Search by abbreviation, NLM ID, or E-ISSN:

>>> impactor.search("Nat Rev Earth Environ")
[{"journal": "Nature Reviews Earth & Environment", "factor": 71.5, "score": 100}]
>>> impactor.search("101771060")
[{"journal": "Nature Reviews Earth & Environment", "factor": 71.5, "score": 100}]
>>> impactor.search("2662-138X")
[{"journal": "Nature Reviews Earth & Environment", "factor": 71.5, "score": 100}]

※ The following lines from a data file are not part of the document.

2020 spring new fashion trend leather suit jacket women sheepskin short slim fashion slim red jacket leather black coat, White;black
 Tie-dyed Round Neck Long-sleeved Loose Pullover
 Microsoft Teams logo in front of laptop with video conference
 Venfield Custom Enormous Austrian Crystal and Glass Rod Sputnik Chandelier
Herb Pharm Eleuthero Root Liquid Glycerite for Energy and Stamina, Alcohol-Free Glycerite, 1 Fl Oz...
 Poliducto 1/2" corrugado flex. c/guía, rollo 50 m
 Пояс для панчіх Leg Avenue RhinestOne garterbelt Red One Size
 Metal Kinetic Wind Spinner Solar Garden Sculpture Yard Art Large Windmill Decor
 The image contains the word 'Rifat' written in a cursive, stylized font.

Filter by impact factor range:

>>> impactor.search("Neural network", threshold=85, min_impact=1.5, max_impact=20)
[
    {"journal": "IEEE Transactions on Neural Networks and Learning Systems", "factor": 8.9, "score": 93},
    {"journal": "NEURAL NETWORKS", "factor": 6.3, "score": 91},
    {"journal": "Network", "factor": 3.1, "score": 92},
    {"journal": "NETWORK-COMPUTATION IN NEURAL SYSTEMS", "factor": 1.6, "score": 92},
    {"journal": "WORK-A Journal of Prevention Assessment & Rehabilitation", "factor": 1.5, "score": 86},
]

Return all available fields:

>>> impactor.search("quantum information", threshold=90, return_all=True)
[
    {
        "factor": 8.3,
        "jcr": "Q1",
        "nlm_id": "101722857",
        "journal": "npj Quantum Information",
        "issn": ".",
        "zky": ".",
        "journal_abbr": "npj Quantum Inf",
        "eissn": "2056-6387",
        "score": 92,
    },
    {
        "factor": 2.9,
        "jcr": "Q2",
        "nlm_id": "101703749",
        "journal": "Information",
        "issn": ".",
        "zky": ".",
        "journal_abbr": "Information (Basel)",
        "eissn": "2078-2489",
        "score": 95,
    },
    {
        "factor": 1.3,
        "jcr": "Q2",
        "nlm_id": "9877123",
        "journal": "NATION",
        "issn": "0027-8378",
        "zky": ".",
        "journal_abbr": "Nation",
        "eissn": "0027-8378",
        "score": 91,
    },
    {
        "factor": 1.1,
        "jcr": ".",
        "nlm_id": "138060",
        "journal": "Reformation",
        "issn": "1357-4175",
        "zky": ".",
        "journal_abbr": "Reformation",
        "eissn": "1752-0738",
        "score": 90,
    },
]